Met vingers als van goud laat de zon haar stralen dwalen
over het bakstenen firmament.
Flarden wolken draperen zich als gordijnen rond de eeuwenoude eikenhouten poort van deze onnoemelijke veste.
Ik stap naar binnen.
De echo van mijn sleetse tred vermengt zich met de stilte
die zo hoorbaar aanwezig is.
Het delen van de klanken draait zo vaak om het gemis..

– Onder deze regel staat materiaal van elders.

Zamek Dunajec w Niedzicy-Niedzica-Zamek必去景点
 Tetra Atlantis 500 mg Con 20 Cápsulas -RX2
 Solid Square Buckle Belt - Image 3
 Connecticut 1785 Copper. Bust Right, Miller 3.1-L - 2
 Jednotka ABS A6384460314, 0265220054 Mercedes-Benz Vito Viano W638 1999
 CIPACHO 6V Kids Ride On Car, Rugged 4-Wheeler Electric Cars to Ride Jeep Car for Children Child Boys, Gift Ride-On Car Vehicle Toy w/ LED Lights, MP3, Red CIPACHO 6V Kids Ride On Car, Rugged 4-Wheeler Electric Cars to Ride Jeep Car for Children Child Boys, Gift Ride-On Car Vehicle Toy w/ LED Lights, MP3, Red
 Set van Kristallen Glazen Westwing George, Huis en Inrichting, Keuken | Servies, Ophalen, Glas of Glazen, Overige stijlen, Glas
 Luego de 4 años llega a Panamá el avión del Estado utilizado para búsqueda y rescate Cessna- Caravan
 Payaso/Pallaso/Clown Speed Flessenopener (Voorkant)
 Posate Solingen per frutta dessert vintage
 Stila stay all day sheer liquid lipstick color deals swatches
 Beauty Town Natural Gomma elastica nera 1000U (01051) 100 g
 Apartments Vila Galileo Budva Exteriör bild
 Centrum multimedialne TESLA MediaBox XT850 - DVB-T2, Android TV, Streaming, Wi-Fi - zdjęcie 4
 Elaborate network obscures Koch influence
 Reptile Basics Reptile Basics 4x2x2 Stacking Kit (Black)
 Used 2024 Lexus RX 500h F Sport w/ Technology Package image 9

Aan de randen van het zonlicht zie ik mijn moeder in de warmte
waar ze altijd zo voor stond.
Mijn zus, mensen waar ik veel om geef.
Er is geen ruimte, geen vertrek, geen zicht voor waar de tendens
van mijn leven soms verbleef.
Kindergelach verbindt zich met de steeds blauwer wordende lucht.
Honden spelen, ieder is gelijkelijk tevreden.
Het is alsof God hier heeft gezucht,
en Zijn allermooiste soort verhalen,
als een zomerwende op de aard liet dalen.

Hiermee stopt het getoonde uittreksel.